Jens Stoltenberg: Trzeba wzmacniać więź w NATO i zwiększać wsparcie dla Ukrainy
- Władimir Putin chciał zająć Ukrainę w ciągu kilku dni, chciał też poróżnić UE i NATO. W obu przypadkach przeliczył się - powiedział we wtorek na konferencji prasowej w Brukseli sekretarz generalny NATO Jens Stoltenberg, po podpisaniu trzeciej wspólnej deklaracji w sprawie współpracy z Unią Europejską.
- Rosyjskie oddziały zostały odparte przez walecznych ukraińskich żołnierzy. NATO i UE stanęły ramię w ramię, wspierając Ukrainę - mówił Stoltenberg.- Reżim w Moskwie chce innej Europy. Chce kontrolować swoich sąsiadów. Traktuje demokrację i wolność jako zagrożenie. Będzie to miało długofalowe konsekwencje dla naszego bezpieczeństwa. Musimy nadal wzmacniać transatlantycką więź w NATO, partnerstwo między Sojuszem a Unią Europejską i zwiększać nasze wsparcie dla Ukrainy - postulował sekretarz generalny Sojuszu.
Jak podkreślił, „w świecie narastającej strategicznej rywalizacji, autokratyczni władcy rzucają wyzwanie naszym interesom, wartościom i zasadom demokratycznym", czyniąc to za pośrednictwem środków militarnych, politycznych, gospodarczych i technologicznych. - Trwający konflikt i brak stabilności są zagrożeniem dla naszego bezpieczeństwa. Są polem działania zarówno dla strategicznych rywali, jak i ugrupowań terrorystycznych. Nasza deklaracja podkreśla, że NATO pozostaje filarem naszej obronności zbiorowej.
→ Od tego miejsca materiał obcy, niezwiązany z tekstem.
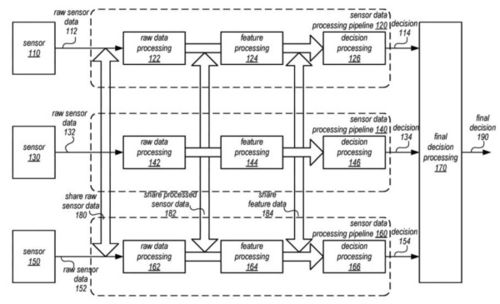驾迅通官方下载安装,数据整合方案设计 WP_v6.509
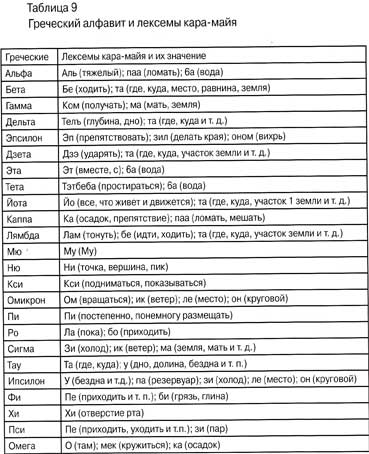 Белые боги в Америке тысячи лет назад и открытие Колумба, которое было совсем не первым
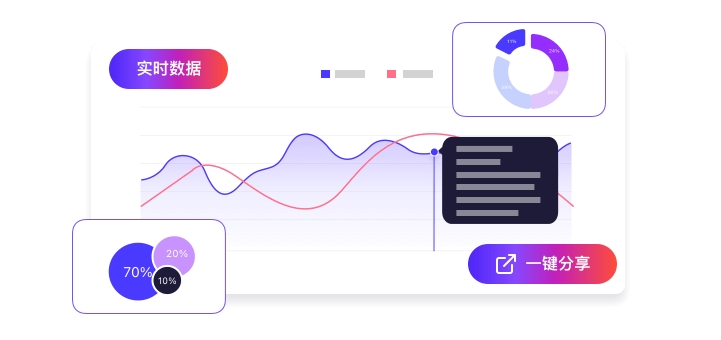可视化效果大屏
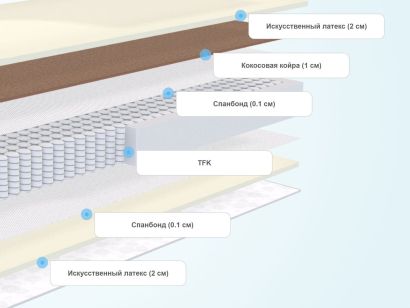 Слои матраса SkySleep Start Medium Soft S500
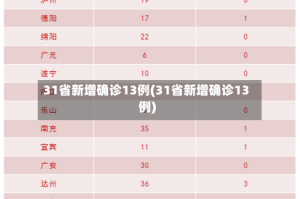 31省新增确诊13例(31省新增确诊13例)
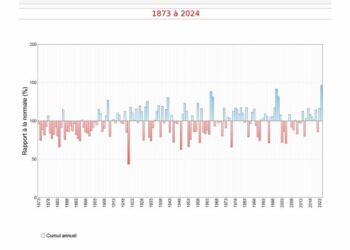 Pluies incessantes : Paris frôle un record historique !
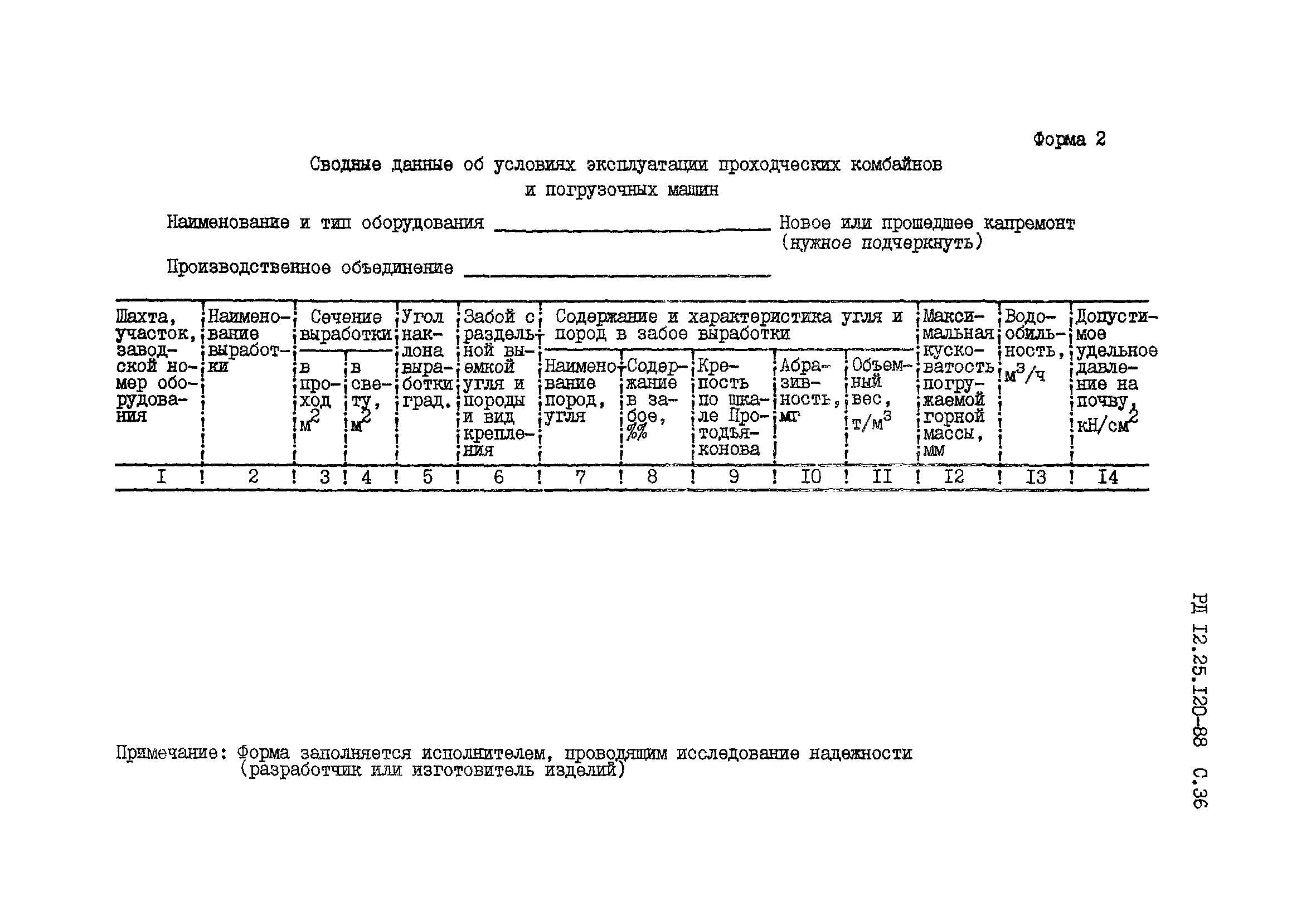 РД 12.25.120-88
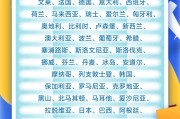 占卜在线中国单方面免签“朋友圈”增至47国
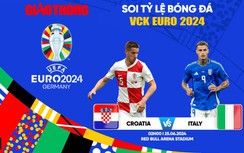 Soi tỷ lệ Croatia vs Italia (2h ngày 25/6), bảng B EURO 2024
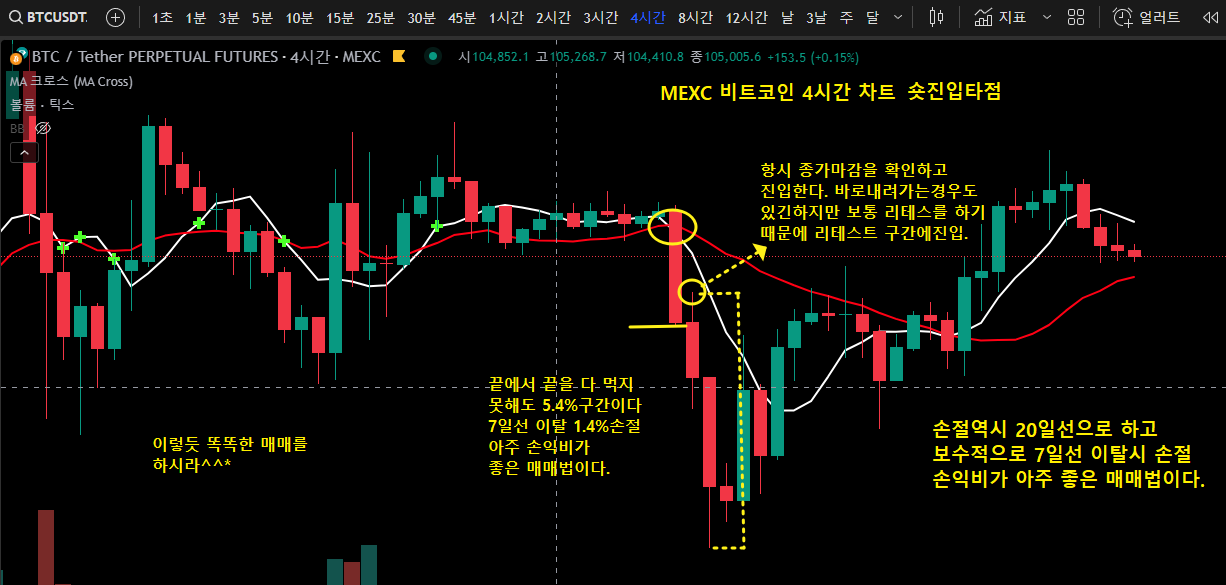 4시간-이동평균선매매-숏진입예시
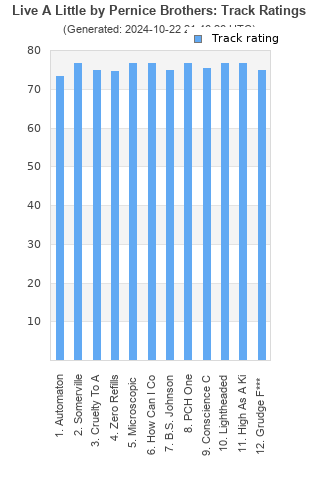 Track ratings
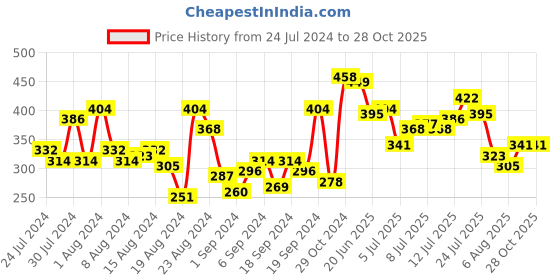 myntra.com HRX by Hrithik Roshan Typography Printed Rapid-Dry Antimicrobial Outdoor T-shirt hrx by hrithik roshan Price History Graph from 24 Jul 2024 to 27 Oct 2025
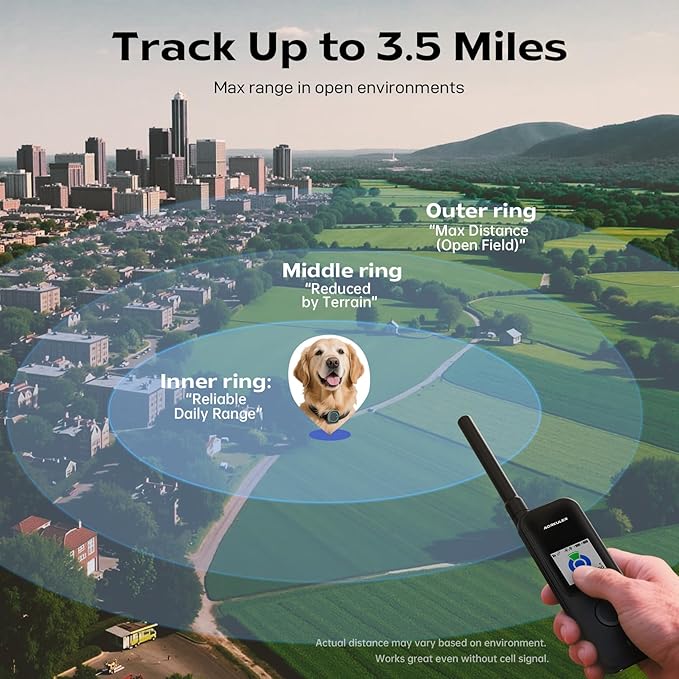 Aorkuler GPS Dog Tracker – No Phone, No Signal, No Subscription | Real-Time Direction & Distance Up to 3.5 Miles | Built for Hiking, Farms & Off-Grid Adventures (Tracker 2)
Podkreśla również wartość bardziej sprawnej obronności europejskiej, która jest komplementarna i interoperacyjna z NATO - powiedział Stoltenberg, zwracając przy tym uwagę, że przyjęcie Szwecji i Finlandii do Sojuszu będzie oznaczało, że 96 proc. obywateli UE znajdzie się pod ochroną NATO.